The following lists Roland ‘transportable combo organs’ (in old days, 60 kilos were regarded as ‘transportable’…).
Initially ‘pure Hammond clones’, more and more ‘non-organ sounds’ were added from the beginning of the 1990th

Acetone (first company of Mr. Kakehashi, founder of Roland):

  • Top1-Top9 (1965-1969): single manual, 49-61 keys
  • GT2 (1971): single manual, 49 keys (synth-type). Later also sold as ‘Hammond X2’
  • GT5 (1971): double manuals (spinet), 2×49 keys (synth-type), bass short pedal.

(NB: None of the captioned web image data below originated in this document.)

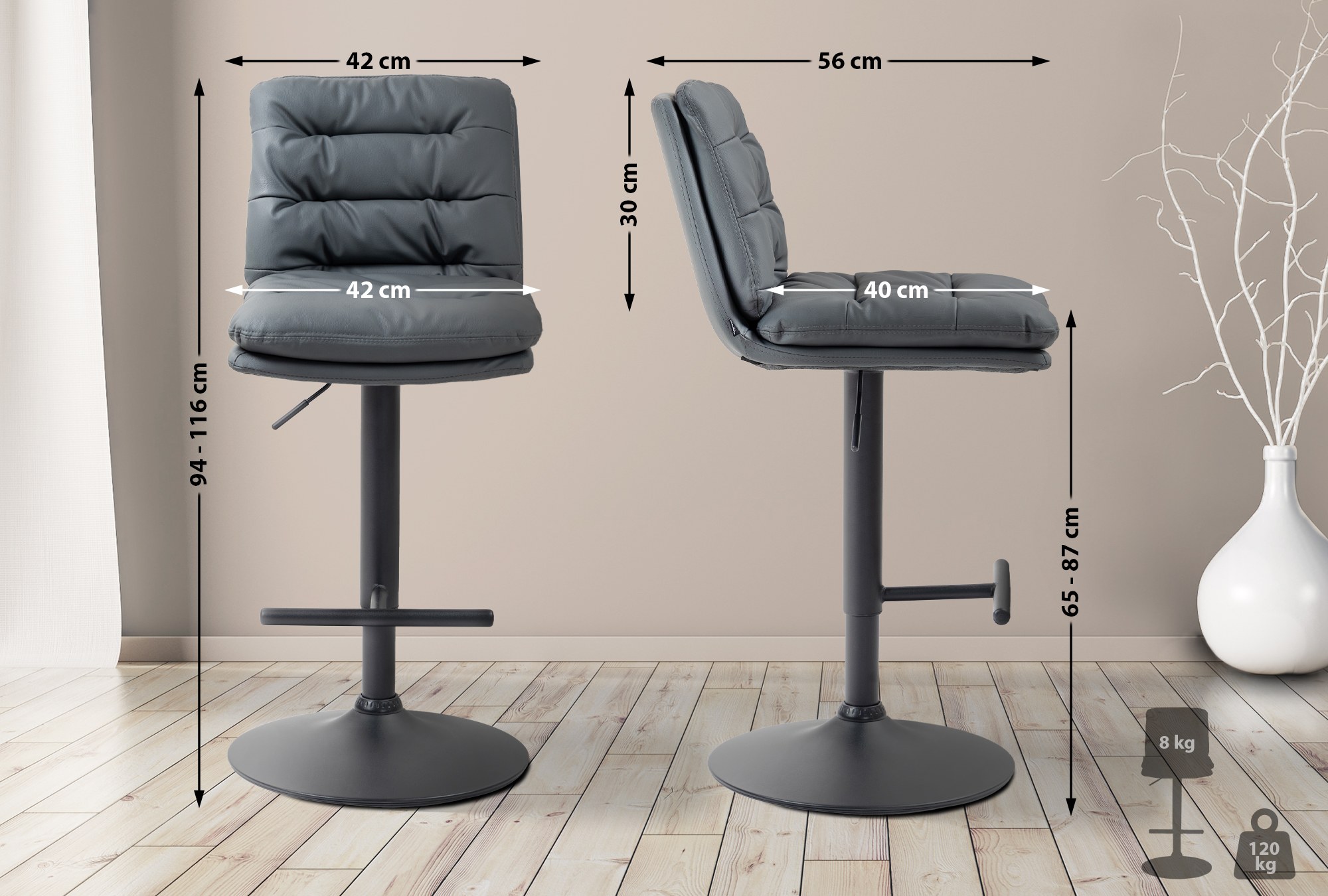 2-pack Barstolar Damar Konstläder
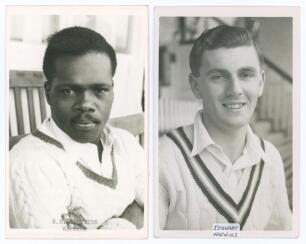 Warwickshire C.C.C. Shirley Griffiths (Warwickshire 1956-1958) and William James Perver Stewart (Warwickshire & Northamptonshire 1955-1971). Two mono real photograph plain back postcards, each player depicted head and shoulders wearing cricket attire. The
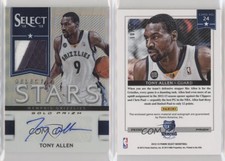 2012-13 Panini Select Stars Jersey Gold Prizm Prime /10 Tony Allen #24 Auto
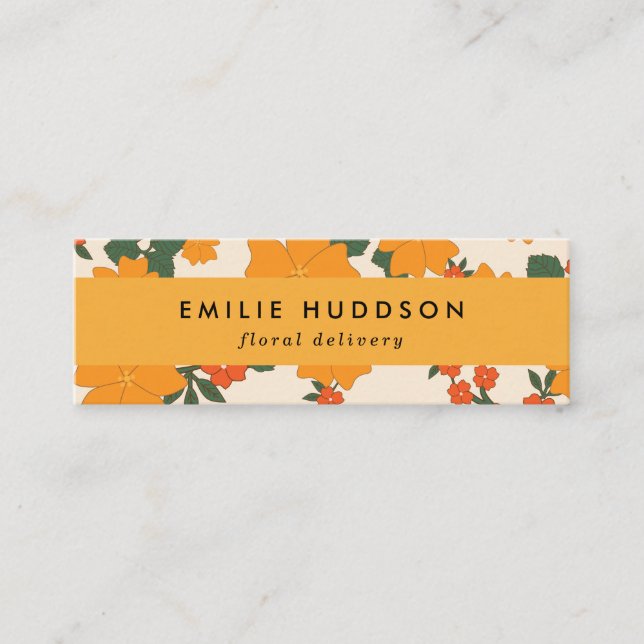 Orange Flowers, Grey, Florist, Flower Shop Mini Visitkort (Framsida)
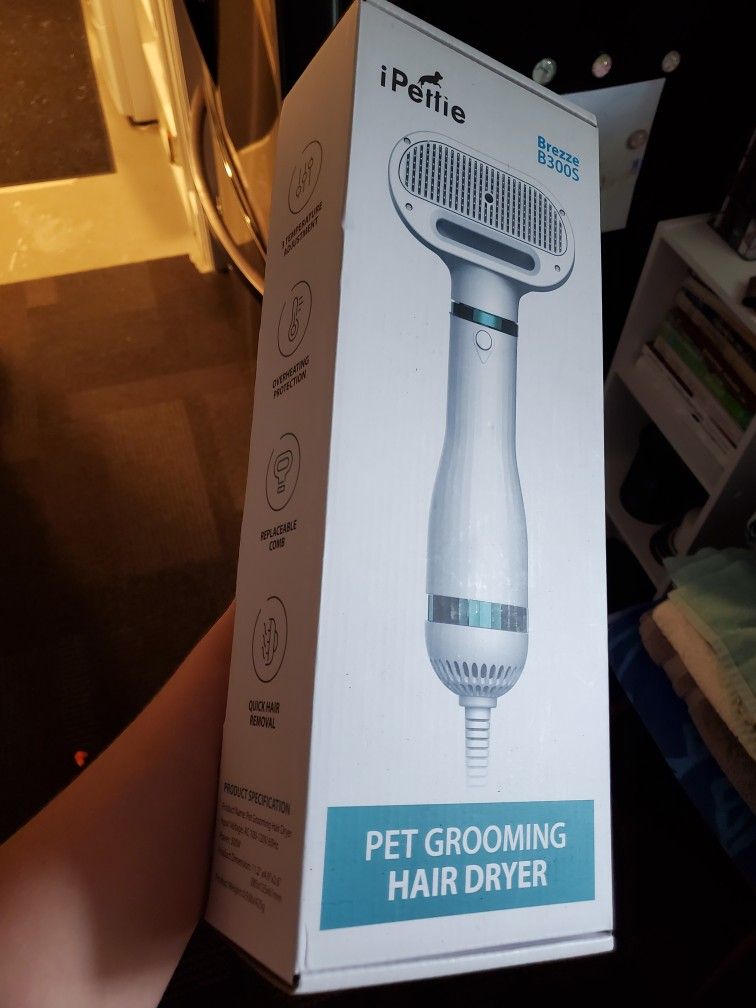 iPettie Pet Hair Dryer And Slicker Brush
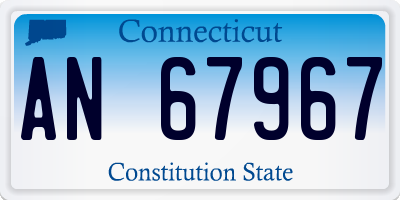 CT license plate AN67967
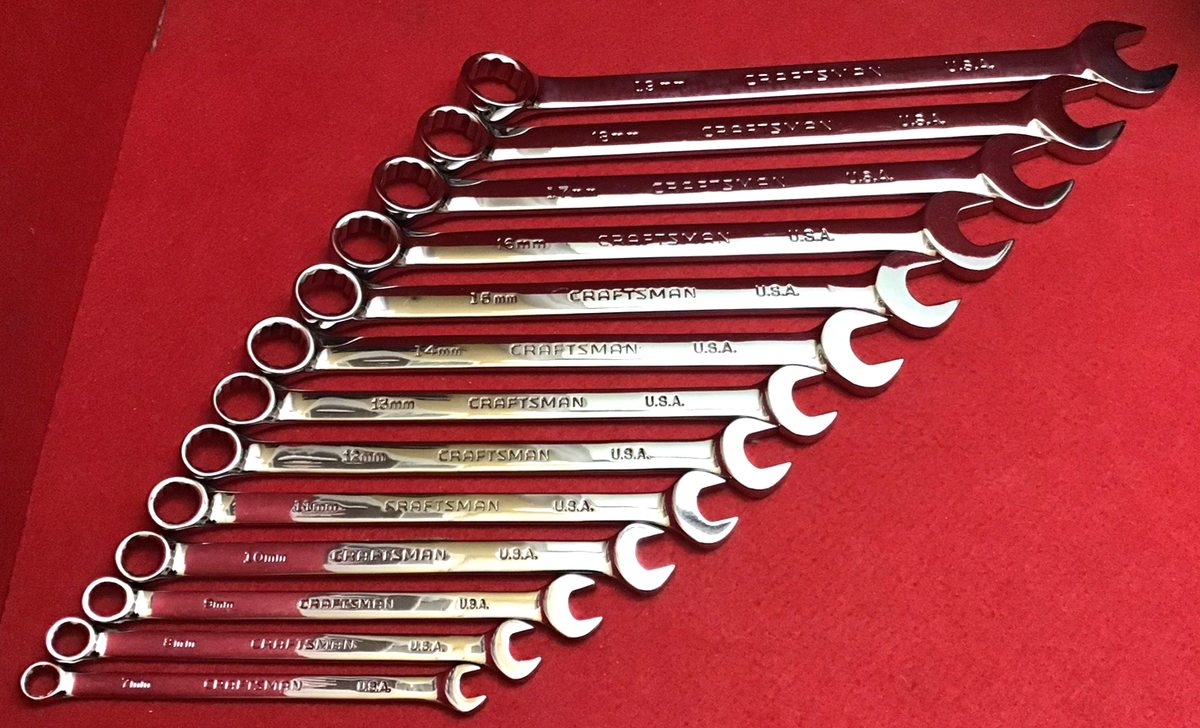 NEW CRAFTSMAN PROFESIONAL METRIC 7mm-19mm, 13 PIECE COMBINATION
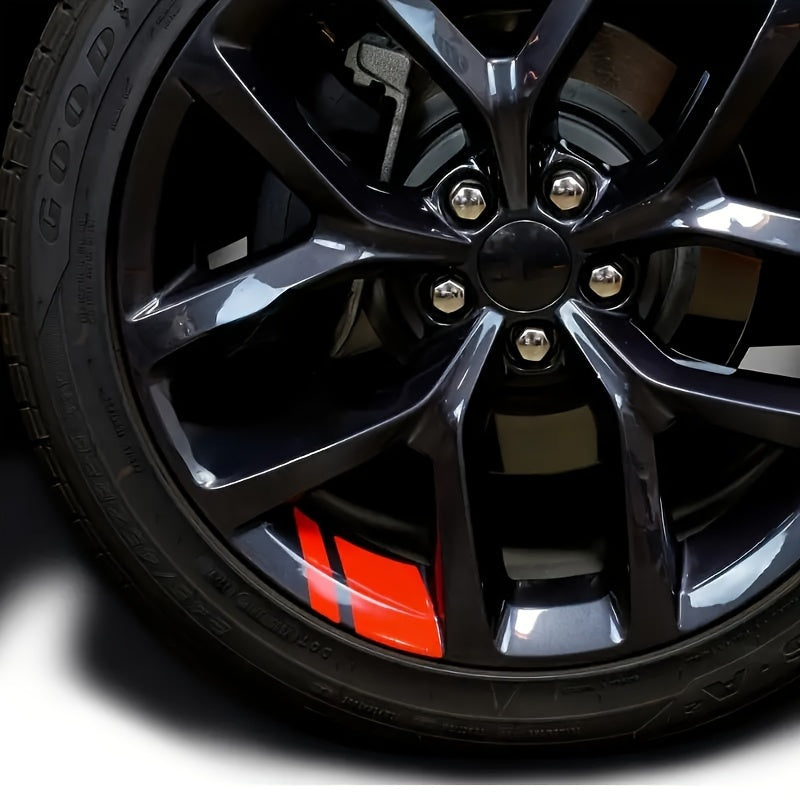 4pcs Reflective Glossy Polyurethane Wheel Rim Decals Self-Adhesive Auto Space Theme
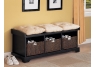 Black Storage Bench With Baskets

Laer also sold as ‘Hammond X5’
  • GT7 (1971): double manuals (spinet), 2×49 keys (synth-type), bass short pedal, more sound features than GT5 and a small builtin 25W ‘practice amp’

Roland VK-series

  • VK-6 (1977): double manual (spinet), 2×49 keys (synth-type), bass short pedal, only organ sound
  • VK-9 (1977): double manual (cabinet), 2×61 keys (synth-type), 2 octave full bass pedal, only organ sound
  • VK-1 (1979): single manual, 61 keys (synth-type), only organ sound
  • VK-09 (1981): single manual, 61 keys (synth-type), only organ sound
  • VK-1000 (1991 – Roland-Rhodes): ‘organ synth’ based on famous SA-synthesis: one of the first ‘combo organs’ in modern understanding and predecessor of VR760: single manual, 76 touch sensitiv keys (synth-type), drawbar organ, APs, EPs, synth-sound, ‘moddable’ with the drawbars, effects, mod-pitch-joystick.
    (side note: also in 1991, the famous SA-1000 piano and JD800 saw the daylight…)
  • VK7 (1997): single manual, 61 synth-type keys
  • VK77 (1997): double manual (cabinet) version of VK7
  • VK8 (2002): single manual, 61 keys (waterfall)
  • VK88 (2003): double manual (cabinet) version of VK8

Roland VR-series:

  • VR760 (2003) single manual 76 keys (waterfall)
  • VR700 (2010) single manual 76 keys (waterfall)
  • VR09 (2013) single manual 61 keys (synth-type)
  • VR09B (2017) single manual 61 keys (synth-type), only optical changes to VR09
  • VR730 (2017) single manual 73 keys (waterfall)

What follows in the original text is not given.